# Greeting from 907



## lawdawg (Mar 14, 2009)

Good afternoon from Ft. Richardson Alaska. 
I am on duty as we speak. Just found out about this place and am thankful to be able to be here. I have been a "plane nut" my whole life and love all birds..however I like the older ones a lot as they have a purity and character that is unequaled elsewhere IMHO.
I don't know if anyone has seen this yet...

Aviation Video: P-47 Thunderbolt | Patrick's Aviation

enjoy either way and have an awesome day.
Chad (PANC)


----------



## Wayne Little (Mar 15, 2009)

Hey Chad, welcome from down under mate!....


----------



## rochie (Mar 15, 2009)

hello and welcome from england Chad


----------



## Lucky13 (Mar 15, 2009)

Welcome to the family from old Scotland mate...!


----------



## RabidAlien (Mar 15, 2009)

Welcome aboard!

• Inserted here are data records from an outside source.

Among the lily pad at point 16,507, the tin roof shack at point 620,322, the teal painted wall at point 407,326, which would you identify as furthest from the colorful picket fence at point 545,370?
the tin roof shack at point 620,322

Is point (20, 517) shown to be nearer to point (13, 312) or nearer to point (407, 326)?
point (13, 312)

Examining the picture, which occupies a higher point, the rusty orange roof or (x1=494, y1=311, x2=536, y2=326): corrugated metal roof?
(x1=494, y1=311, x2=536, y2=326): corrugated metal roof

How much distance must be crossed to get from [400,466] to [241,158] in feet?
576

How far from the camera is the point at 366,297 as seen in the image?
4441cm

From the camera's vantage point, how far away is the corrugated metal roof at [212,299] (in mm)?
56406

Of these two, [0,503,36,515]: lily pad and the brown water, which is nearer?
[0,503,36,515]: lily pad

Great vid there, too!


----------



## Gnomey (Mar 15, 2009)

Welcome Chad!


----------



## Njaco (Mar 15, 2009)

Welcome from the lower 48 and the Right Coast!


----------



## v2 (Mar 15, 2009)

Welcome from Poland Chad!


----------



## Airframes (Mar 15, 2009)

Hi Chad, and welcome from another part of England.


----------



## DerAdlerIstGelandet (Mar 15, 2009)

Welcome to the forum. What is your MOS. I was a 15T and was supposed to be stationed up in Alaska, but they decided to cancel my orders and stop move me instead for Iraq.

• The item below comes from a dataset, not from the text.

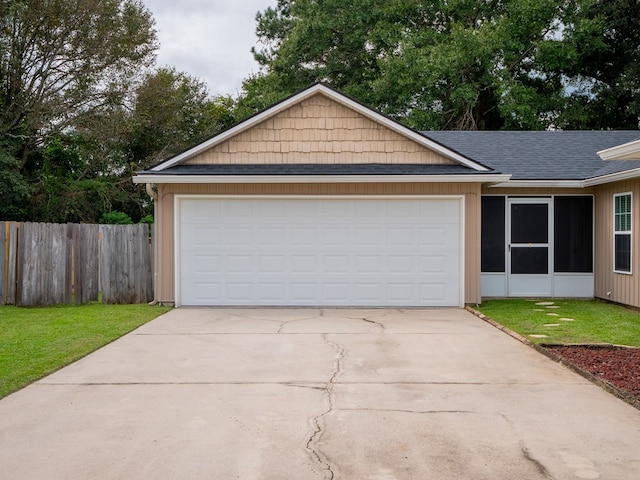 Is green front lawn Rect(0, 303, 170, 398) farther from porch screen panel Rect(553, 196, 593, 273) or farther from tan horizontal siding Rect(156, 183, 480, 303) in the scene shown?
porch screen panel Rect(553, 196, 593, 273)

Love Alaska though. Me and the wife are moving to the Anchorage area later this year or early next year.


----------



## lawdawg (Mar 15, 2009)

Thank you all for a warm welcome. It is very cool to see all who are here from many places. 
I am employed by the State of Alaska and work for the Department of Military and Veterans Affairs (DMVA) now. We have a small team that keeps the interests of the National Guard here secure. I was in law enforcement for several years prior.
I look forward to being here and learning as time goes by.
Thank you again....cheers!


----------



## Matt308 (Mar 15, 2009)

Welcome, lawdawg. Keep participating. We welcome your past experience.


----------



## Bill G. (Mar 16, 2009)

Welcome lawdawg!

I retired from the Michigan Army National Guard in January. I do miss going to drills and being with such super people! So I am glad you are helping them!

I haven't been to Alsaka. I have been many places with both the Active Air Force and Guard.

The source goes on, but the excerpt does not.